Um die Relevanz und Verbreitung weiterer Vertreter beziehungsweise der gesamten Stoffgruppe frühzeitig abschätzen zu können, wurde in den Jahren 2018 und 2019 ein Sonderuntersuchungsprogramm mit Sedimentproben von insgesamt 41 Untersuchungsstellen in niedersächsischen Oberflächengewässern, darunter alle 39 WRRL-Überblicks- sowie zwei Sondermessstellen, durchgeführt. Zusätzlich zur üblichen Einzelstoffanalytik, bei der nur eine geringe Anzahl von Stoffen erfasst werden kann, kamen zwei neuartige Verfahren zum Einsatz, die eine bessere Gesamtbetrachtung der PFAS-Stoffgruppe ermöglichen sollen. Beide Verfahren, das heißt sowohl die Bestimmung des extrahierbaren organisch gebundenen Fluorgehalts (EOF) als auch der Total Oxidizable Precursor (TOP)-Assay, basieren auf dem Prinzip, dass potentiell in der Probe enthaltene Vorläufersubstanzen in messbare Produkte umgewandelt und mittels Standardanalyseverfahren erfasst werden können (Abb. 1).

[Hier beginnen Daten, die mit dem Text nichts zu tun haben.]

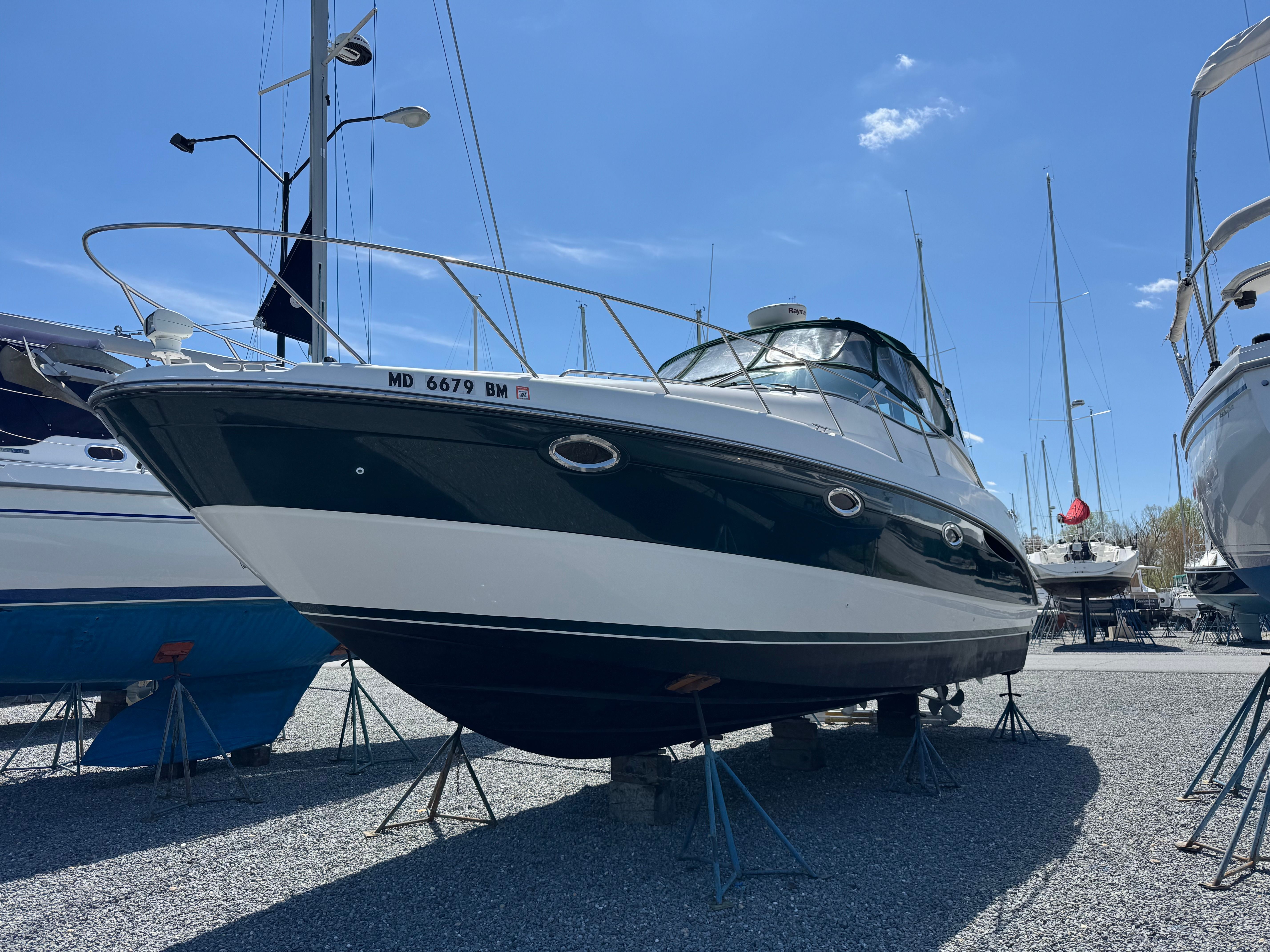 2001 Maxum 3500 SCR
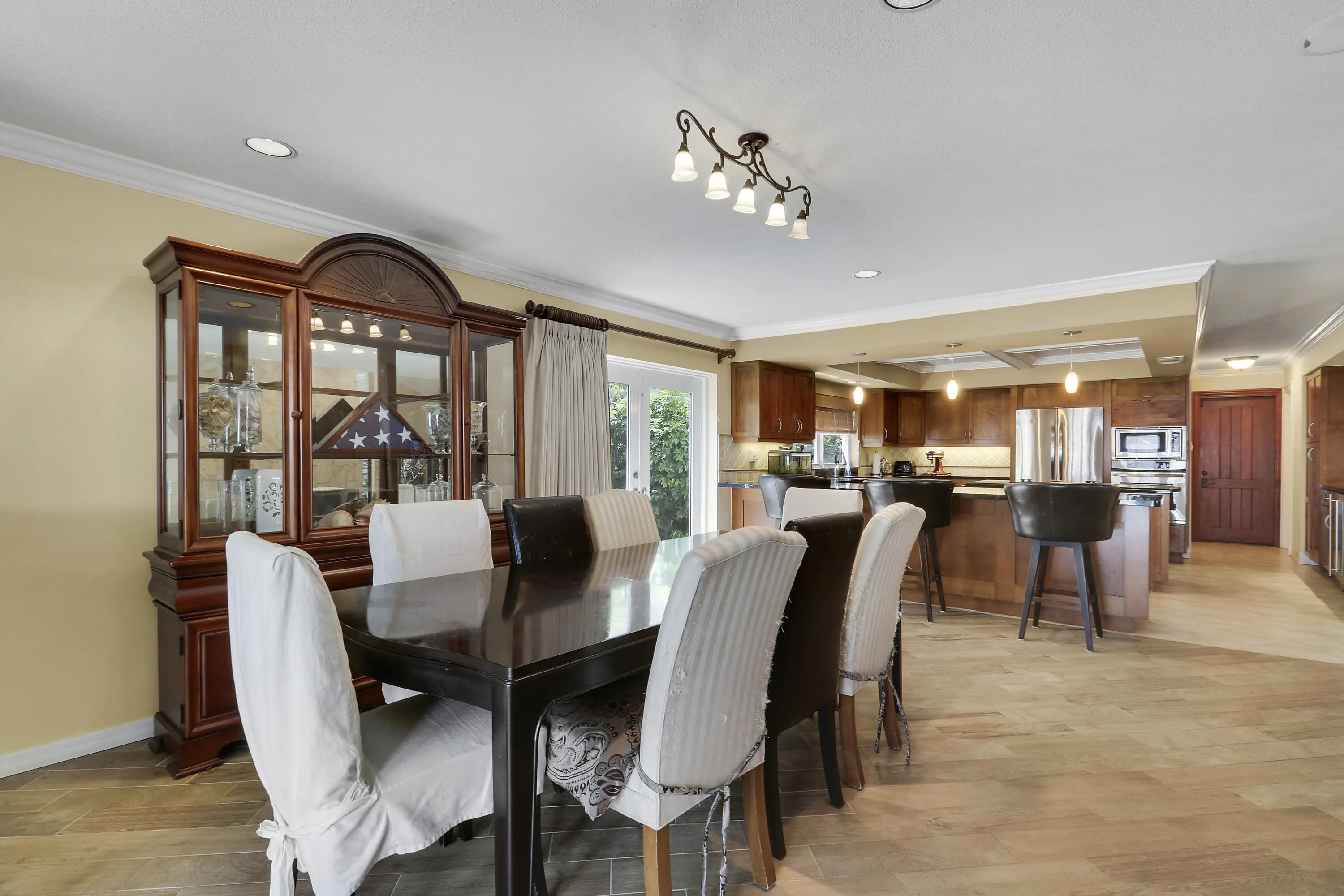 6514 Timber Lane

Die Ergebnisse der durchgeführten Monitoring-Studie bestätigten die erwartete, weitverbreitete (ubiquitäre) Belastung niedersächsischer Oberflächengewässer mit PFAS beziehungsweise weiteren fluorhaltigen organischen Stoffen. Durch die Bestimmung des EOF als Summenparameter konnten lokale Schwerpunkte mit fluorhaltiger organischer Belastung erkannt werden, die entweder bereits durch die herkömmliche Einzelstoffanalytik oder erst nach dem zusätzlichem TOP-Assay als PFAS-Belastungsschwerpunkte bestätigt werden konnten. Die höchsten Gehalte eines Einzelstoffes (PFOS) sowie der maximale EOF-Gehalt aller analysierten Proben wurden erwartungsgemäß im Sediment der Grollander Ochtum bestimmt. Diese wurde gezielt als Sondermessstelle mit bereits bekannter, hoher PFOS-Belastung ausgewählt, da sie im Zusammenhang mit früheren Feuerlöschübungen auf dem Bremer Flughafen steht. Weitere auffällige Belastungsschwerpunkte waren in den Flüssen Leine (Neustadt am Rübenberge), Fuhse (Wathlingen), Harle (Nenndorf), Hunte (Reithörne), Weser (Farge und Brake) und in der Ems (Gandersum) zu finden (Abb. 2, Abb. 3). Eine konkrete Quellenzuordnung war in den meisten Fällen, aufgrund der Gewässergröße und der Vielzahl möglicher Eintragspfade, jedoch nicht möglich.